На Париж обрушился страх. Несколько дней продолжались аресты: брали сначала нотаблей, «главных творцов и зачинщиков мятежей и неповиновений», потом взялись за мелкую сошку, которая часто становилась жертвой мести и зависти соседей, не имеющей особого отношения к событиям 1382 г. Всякий, кто что-то брякнул в течение трех последних лет, попадал в лапы королевских комиссаров, которые официально должны были вести следствие, а фактически — надолго отбить у парижан охоту плести заговоры. Армия тем временем грабила, избивала, насиловала.
Не забыли и тех, кто успел бежать из города, зная, что их ждет. Сначала от них потребовали вернуться, а потом их приговорили к изгнанию и конфискации имущества.
19 января шесть человек вывели к виселице. Среди них был старый Никола Ле Фламан, очень уважаемый суконщик, который входил в состав парижской делегации на переговорах как в марте, так и в мае 1382 г. и слыл сторонником либеральных реформ. Некоторые очень кстати вспомнили, что некогда видели его в окружении Этьена Марселя во время убийства маршалов.

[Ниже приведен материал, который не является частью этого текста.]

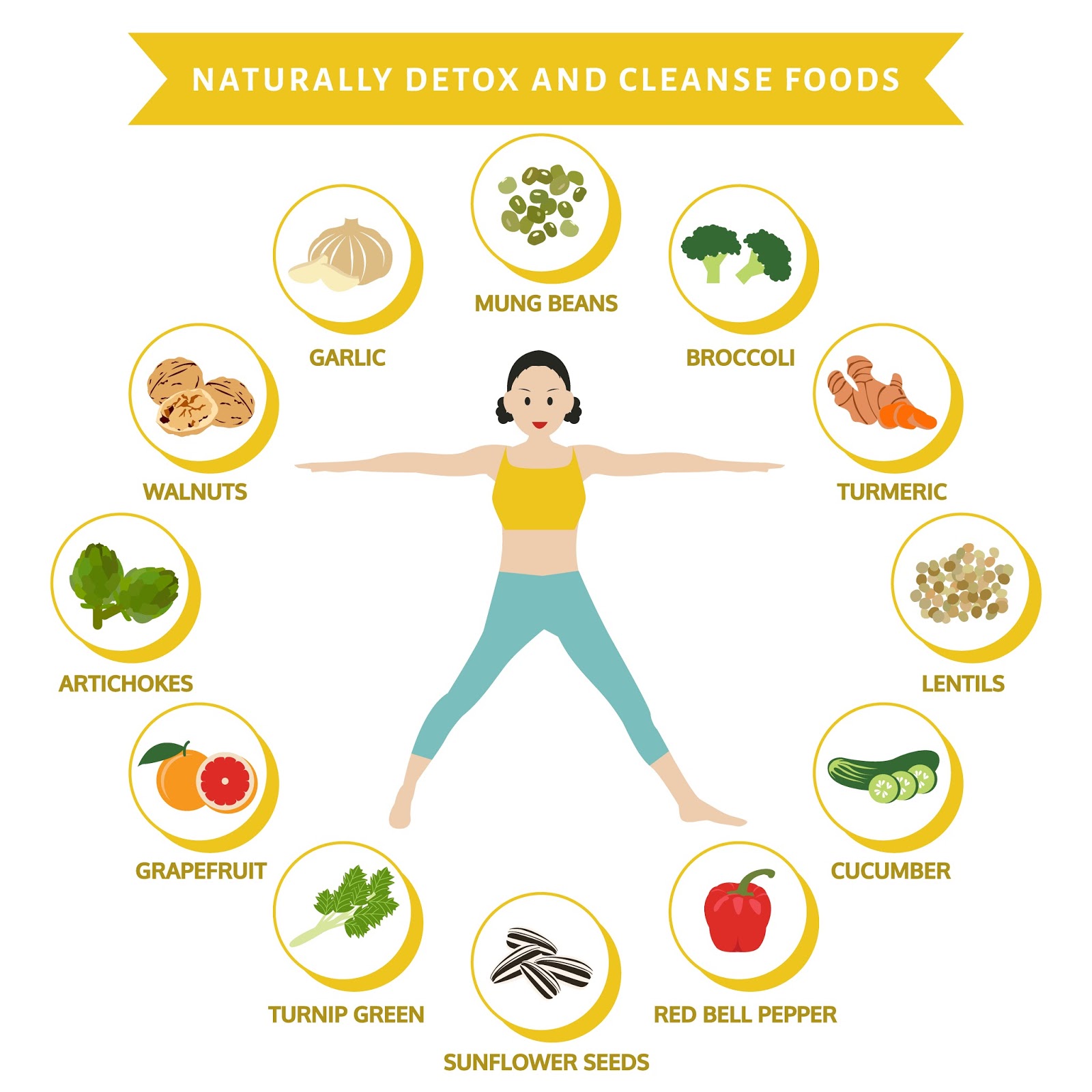 Skin Care Chronicle Naturally Detox and Cleanse Foods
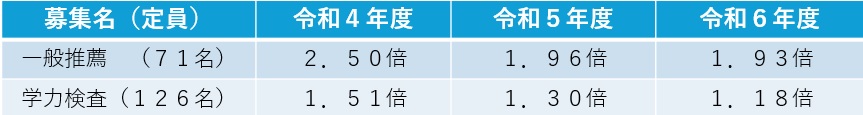 入試倍率2024_01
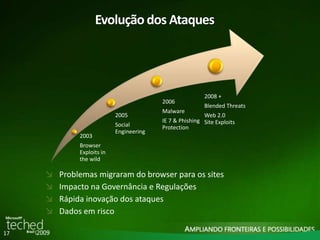 17 
Evolução dos Ataques 
2003 
Browser 
Exploits in 
the wild 
2005 
Social 
Engineering 
2006 
Malware 
IE 7 & Phishing 
Protection 
2008 + 
Blended Threats 
Web 2.0 
Site Exploits 
Problemas migraram do browser para os sites 
Impacto na Governância e Regulações 
Rápida inovação dos ataques 
Dados em risco 
 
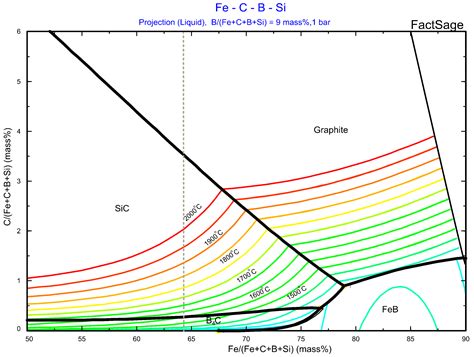 The Use of Eutectic Fe-Si-B Alloy as a Phase Change Material in Thermal ...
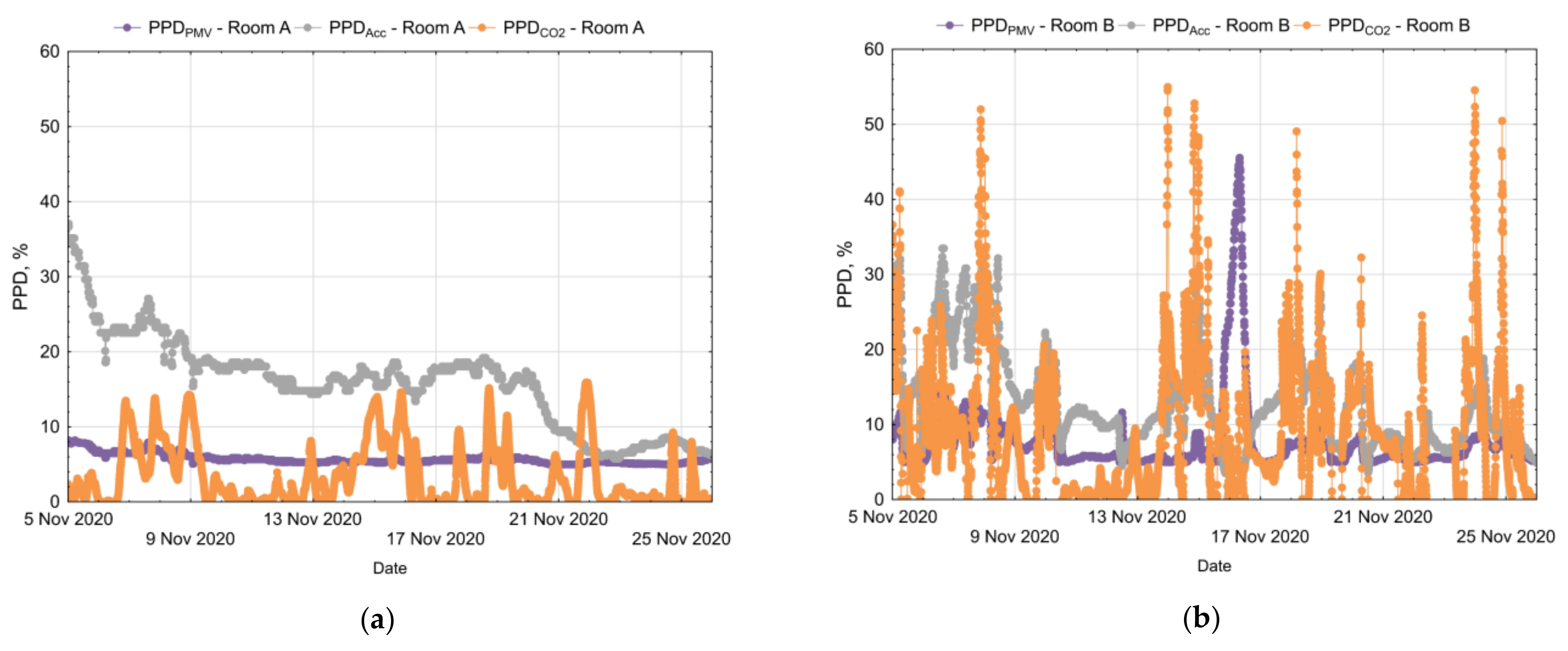 Energies 15 02026 g007a 550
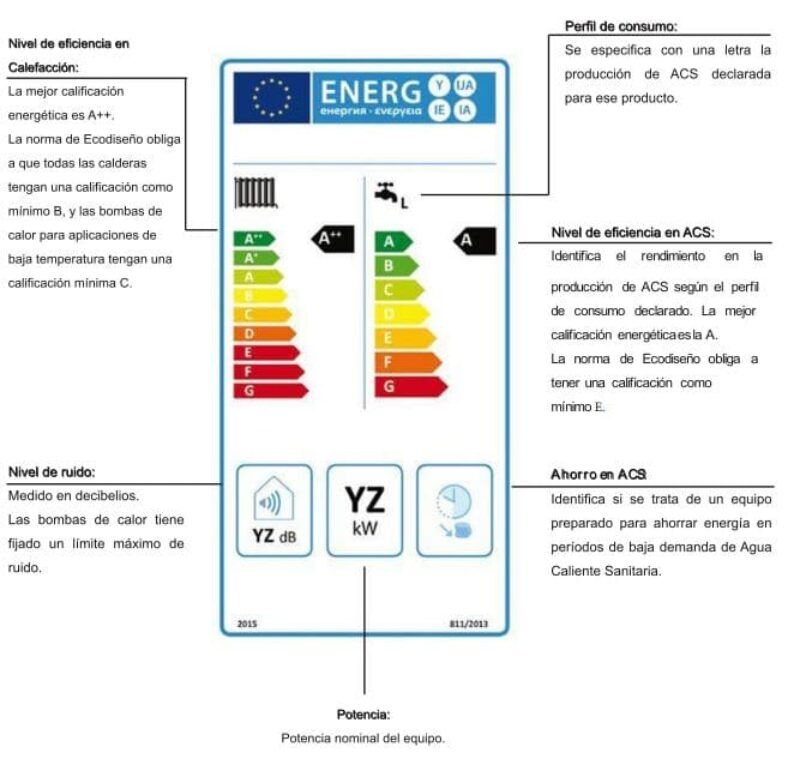 Guía sierra circular Bricomart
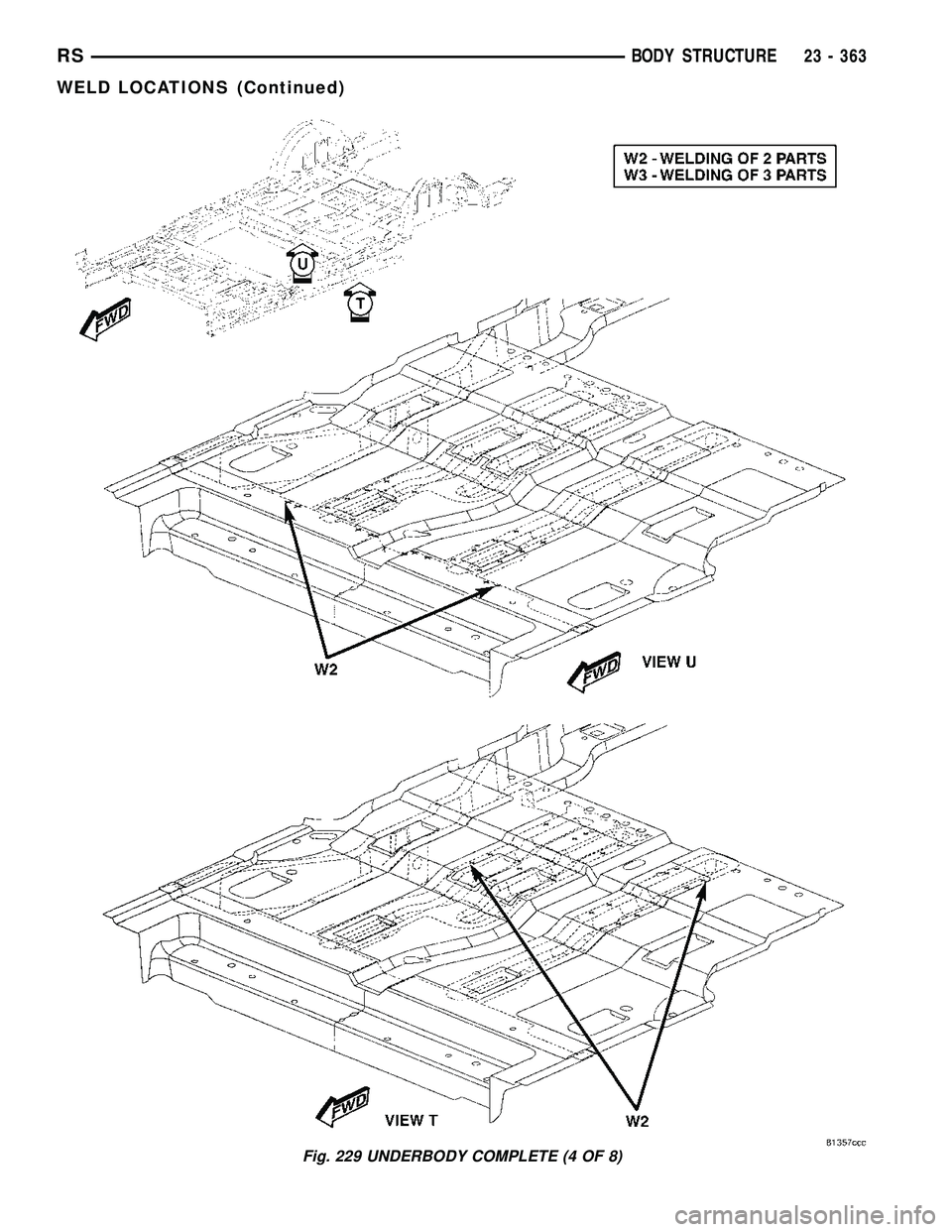 CHRYSLER CARAVAN 2005  Service Manual Fig. 229 UNDERBODY COMPLETE (4 OF 8)
RSBODY STRUCTURE23 - 363
WELD LOCATIONS (Continued)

20 января парижане узнали, что боролись напрасно: с 1 февраля 1383 г. вводился косвенный эд на все товары, в частности, на вино и соль. Король даже не посоветовался со Штатами.
Казни продолжались до конца февраля, причем о суде и речи не было. Тем самым несколько десятков парижан, повешенных или обезглавленных, расплатились за страх, который некогда внушили королевскому правительству. Одной из последних жертв этих репрессий оказался 28 февраля адвокат Жан де Марес. Демагог и соглашатель, этот новый Робер Ле Кок три года играл двусмысленную роль человека, успокаивающего волнения, которые отчасти сам и вызвал. Его смерть успокоила прежде всего тех, кого не прекращали тревожить его очевидные политические амбиции. Де Марес с первых часов царствования был красноречивым защитником прав герцога Анжуйского на регентство. Филипп Бургундский и Иоанн Беррийский вспомнили об этом.
Наконец король обратил свою милость в монету. Тяжелый штраф, наложенный на весь город, и несколько сот конфискаций поддержали на плаву королевские финансы и состояния многих придворных.
Прежде всего надо было уничтожить душу парижского сопротивления, лишив город единственного органа, придававшего ему политическую и экономическую сплоченность, муниципалитета, который не был таковым, потому что Париж не имел хартии: купеческое превотство — прево и его четыре эшевена — отныне представляло город только в той мере, в какой это было удобно королевской власти, иначе говоря, когда король нуждался в собеседнике. 27 января 1383 г. должность купеческого прево была объединена с должностью прево Парижа: отныне у города не было другого главы, кроме королевского чиновника. Все суды, которым были подсудны только представители отдельных профессий, были распущены. Цеха больше не имели даже права собираться вместе, кроме как на мессу. Парижский прево, легист Одуэн Шоверон, даже поселится на Гревской площади в знаменитом «Доме с колоннами»: ратуши больше не было.